What to produce: Every line from the top of the records below through the one containing "Bouchard Ainé &" must be copied exactly, and the pictures must not be.

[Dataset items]
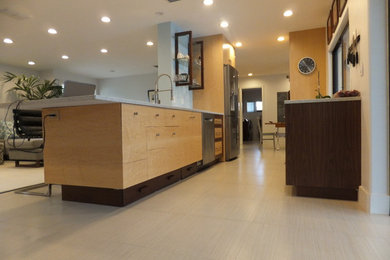 Example of a minimalist kitchen design in Orlando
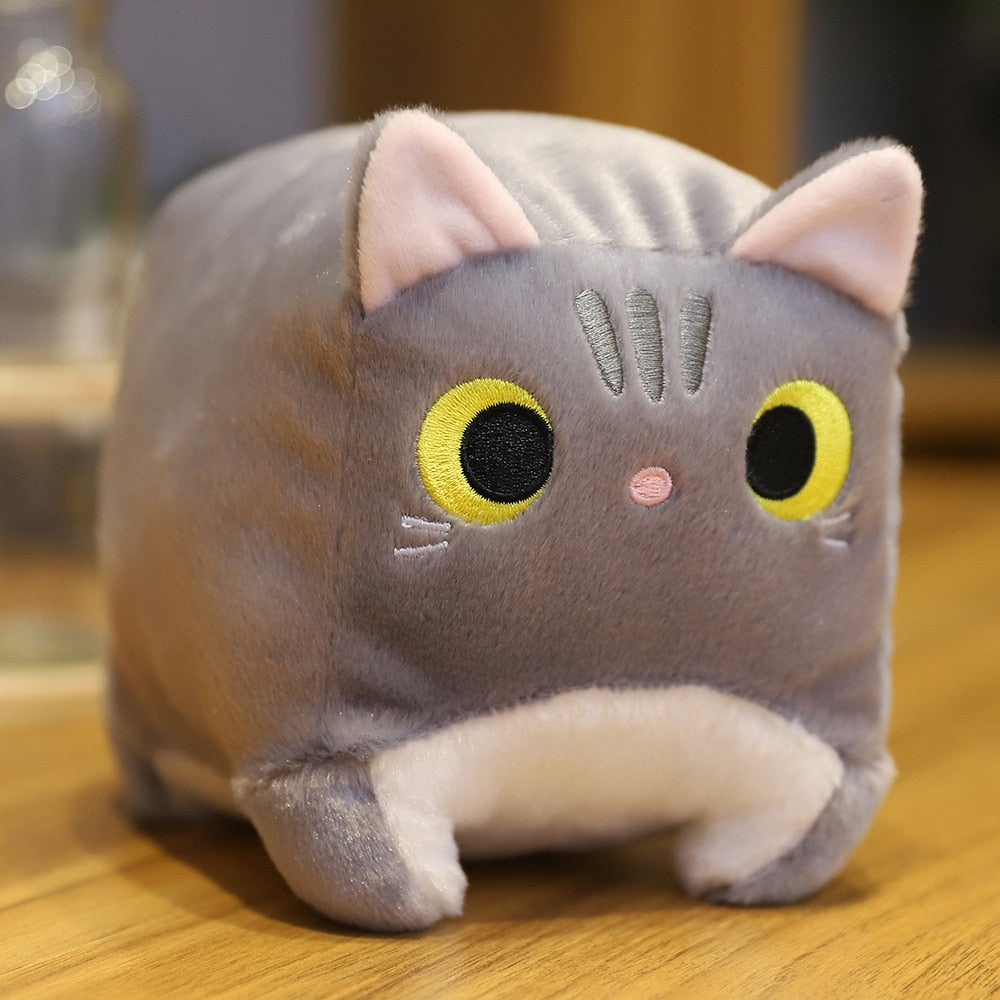 Peluche chat carrée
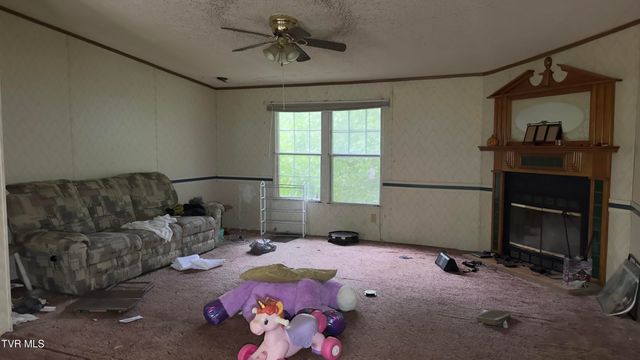 380 Cedar Point Road, Johnson City, TN 37615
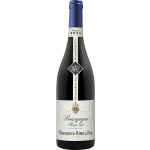 Bouchard Ainé & Fils Bourgogne Pinot Noir AOC 2024 12,5% 0,75 l (holá láhev) – Sleviste.cz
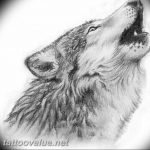 photo tattoo howling wolf 18.02.2019 №108 - wolf tattoo idea howling at moon - tattoovalue.net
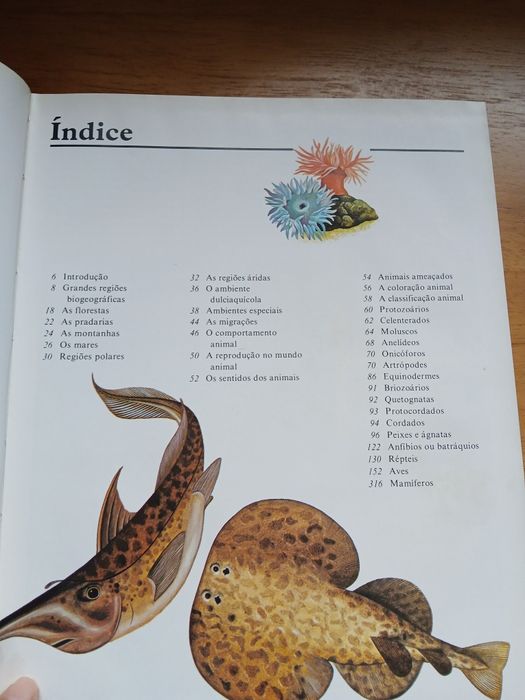 Enciclopédia da Vida Animal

Answer space:
 Example of a minimalist kitchen design in Orlando
 Peluche chat carrée
 380 Cedar Point Road, Johnson City, TN 37615
 Bouchard Ainé & Fils Bourgogne Pinot Noir AOC 2024 12,5% 0,75 l (holá láhev) – Sleviste.cz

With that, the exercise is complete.